No Damages for Procedurally Defective Ordinance

Henry Torromeo and MDR Corporation v. Town of Fremont
No. 2001-612, 12/13/2002

Earlier litigation between these parties centered around denial of building permits based on a growth management ordinance that was enacted by the Town of Fremont when there was no properly enacted capital improvement plan (CIP) in place. The issue addressed by this opinion is whether or not the plaintiffs are entitled to recover damages (money) for loss of economic use of their property due to the town’s enforcement of a procedurally defective ordinance.

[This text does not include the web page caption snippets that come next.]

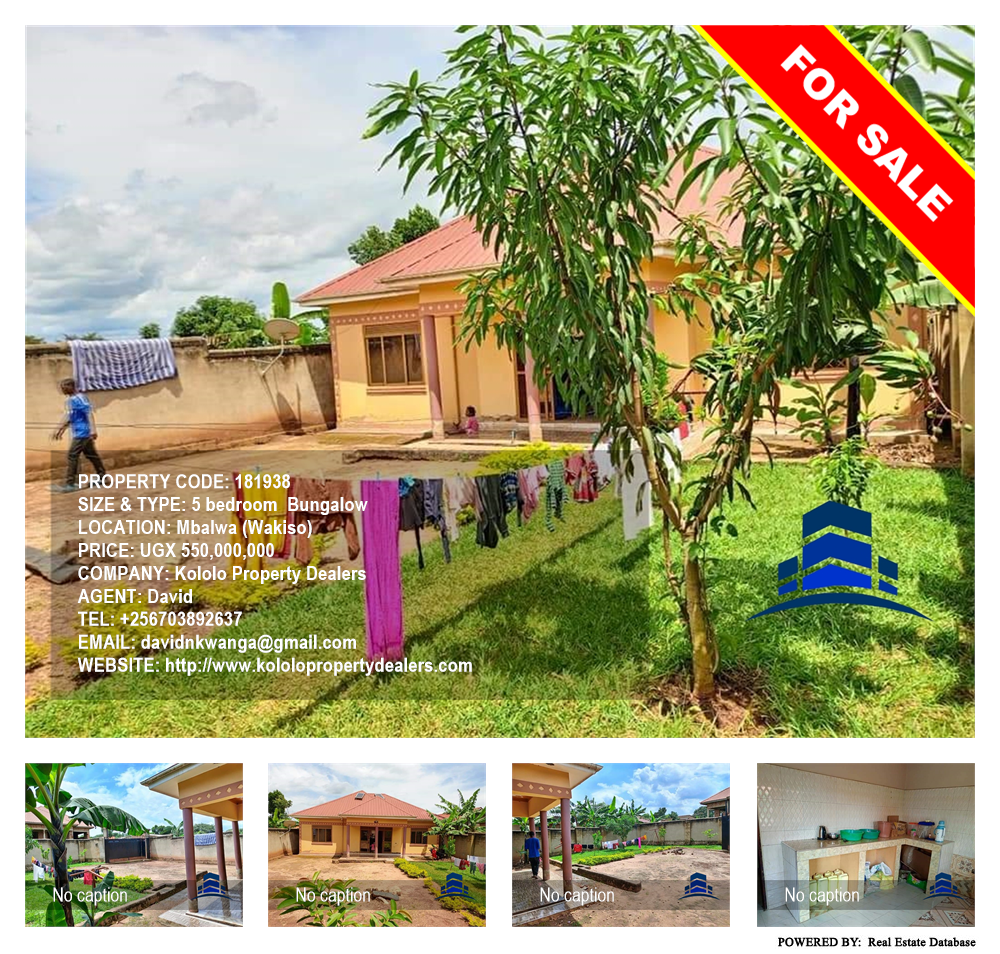 5 bedroom Bungalow  for sale in Mbalwa Wakiso Uganda, code: 181938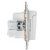 розетка 1-м skandy 16а ip44 с заземл. защ. шторки с крышкой sk-r11w арктич. бел. iek sk-r16-16-44-k01 от магазина Штепсель и батарейка.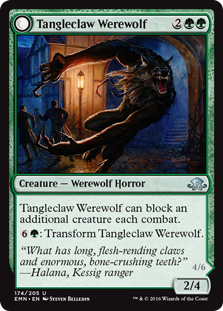 Tangleclaw Werewolf // Fibrous Entangler - Eldritch Moon-(174)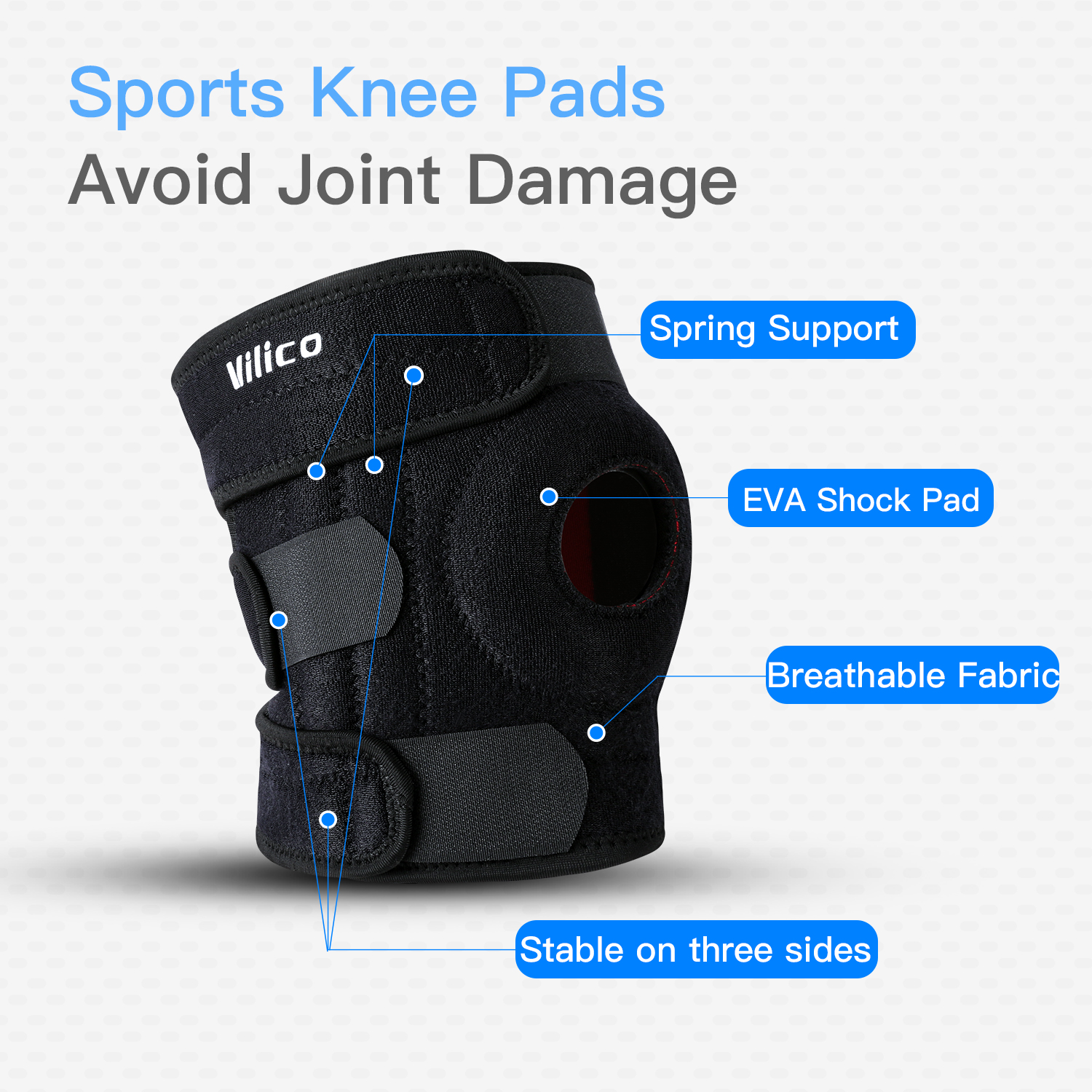 Knee Brace with Side Stabilize - đánh giá và giá Knee Sleeve Pair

The trial court ruled that the plaintiffs should recover damages and that there need not first be a finding that the growth management ordinance was unconstitutional and/or that an unconstitutional “taking” had occurred in order for the plaintiffs to recover.

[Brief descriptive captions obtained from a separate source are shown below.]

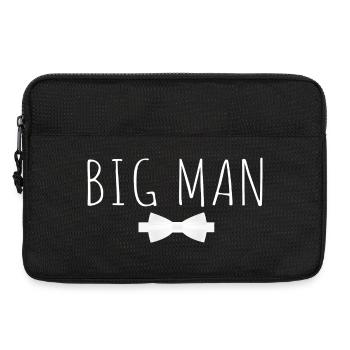 Design Humoristique Big Man White Bowtie - Sacoche pour ordinateur portable 13 pouces - noir - Devant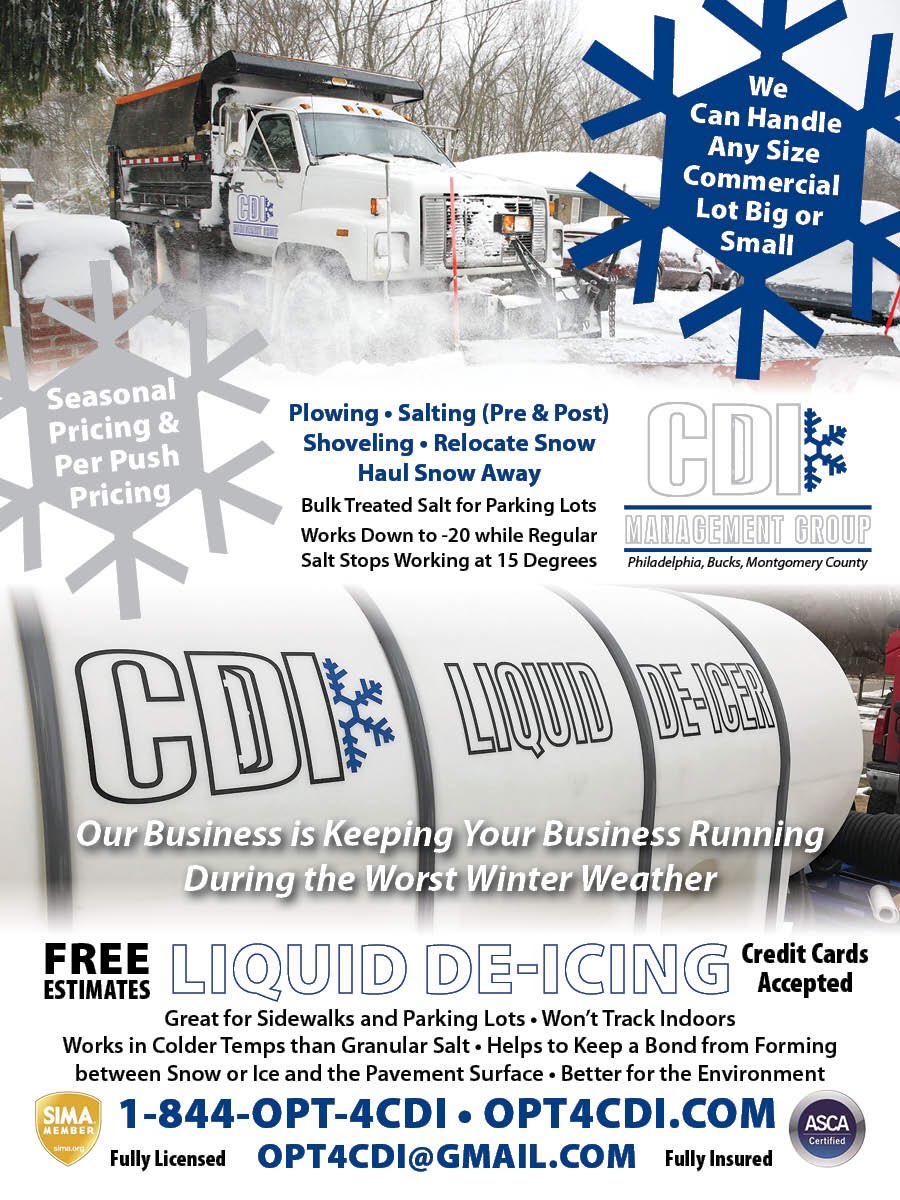 cdisnowgroup's tweet photo. https://t.co/jgp8fe9Tps
Commercial Snow Removal
* Philadelphia Pa
* Bucks county Pa
* Montgomery County Pa https://t.co/oDp4A69n6b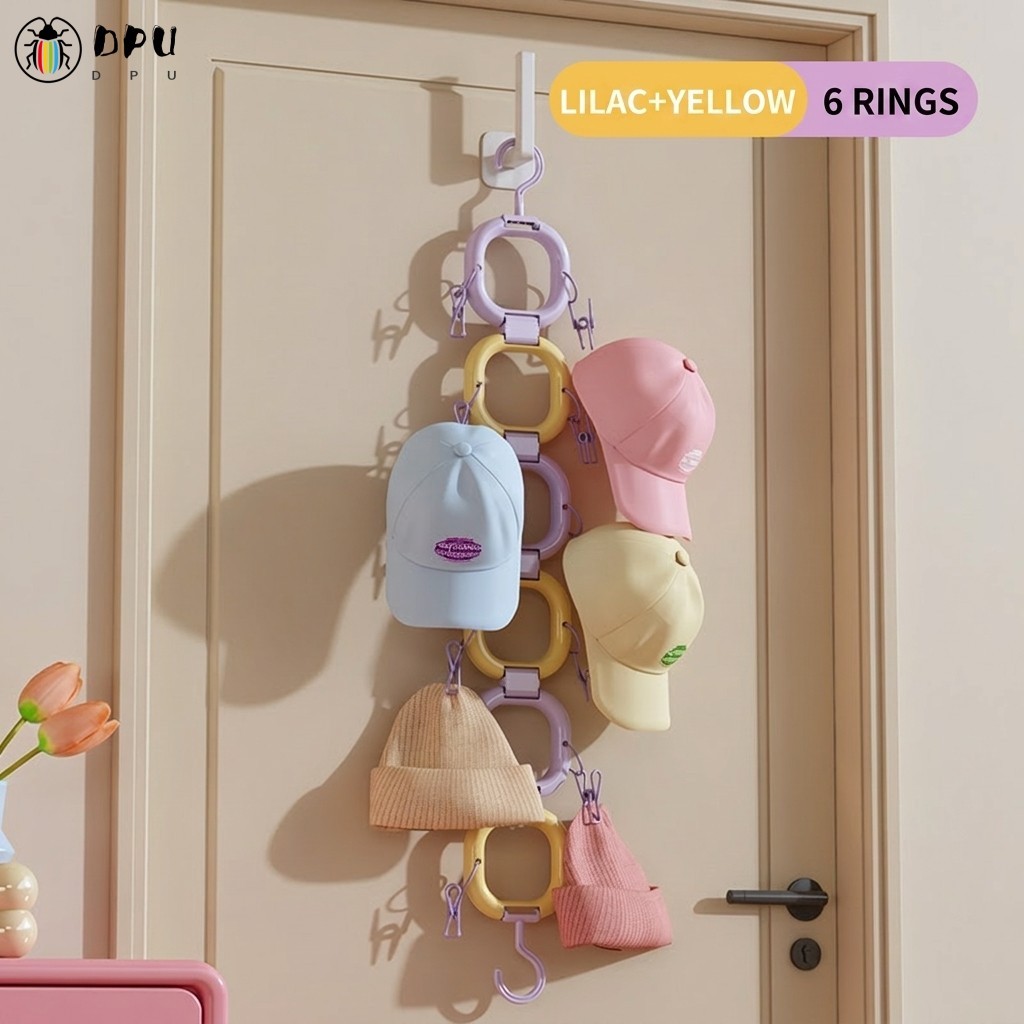 Peaked Cap Storage Rack - ที่จัดระเบียบแบบแขวนอเนกประสงค์สําหรับตู้เสื้อผ้า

The Supreme Court disagreed stating, “Absent a determination that the ordinance is unconstitutional and constitutes a taking, this case presents merely the type of municipal error for which judicial reversal of the erroneous action is the only remedy.” While the Court has certainly recognized the requirement for just compensation in the case of a substantial deprivation of economic use due to an arbitrary or unreasonable zoning ordinance, the Court cites two cases supporting the proposition that where no “taking” is found or “unconstitutionality” is claimed, there will be no entitlement to damages. Soares v. Town of Atkinson, 129 N.H. 313 (1987); Smith v. Town of Wolfeboro, 136 N.H. 337 (1992). The Court also highlighted a prior decision stating that an erroneous board decision based upon a valid regulation does not constitute a compensable taking where the application of an invalid regulation might. Dumont v. Town of Wolfeboro, 137 N.H. 1 (1993).

What all of this boils down to is that, if there is no determination that the town’s action constituted and unconstitutional taking, the plaintiff cannot receive damages (“just compensation”). The proper remedy is to issue the wrongfully denied building permits.

Please be advised that the foregoing case summary is based upon a Supreme Court slip opinion. Slip opinions are subject to change following motions for rehearing and/or motions for reconsideration. The Court may also modify the opinion without motion. The final version of the Court’s opinion is that which appears in the New Hampshire Reports.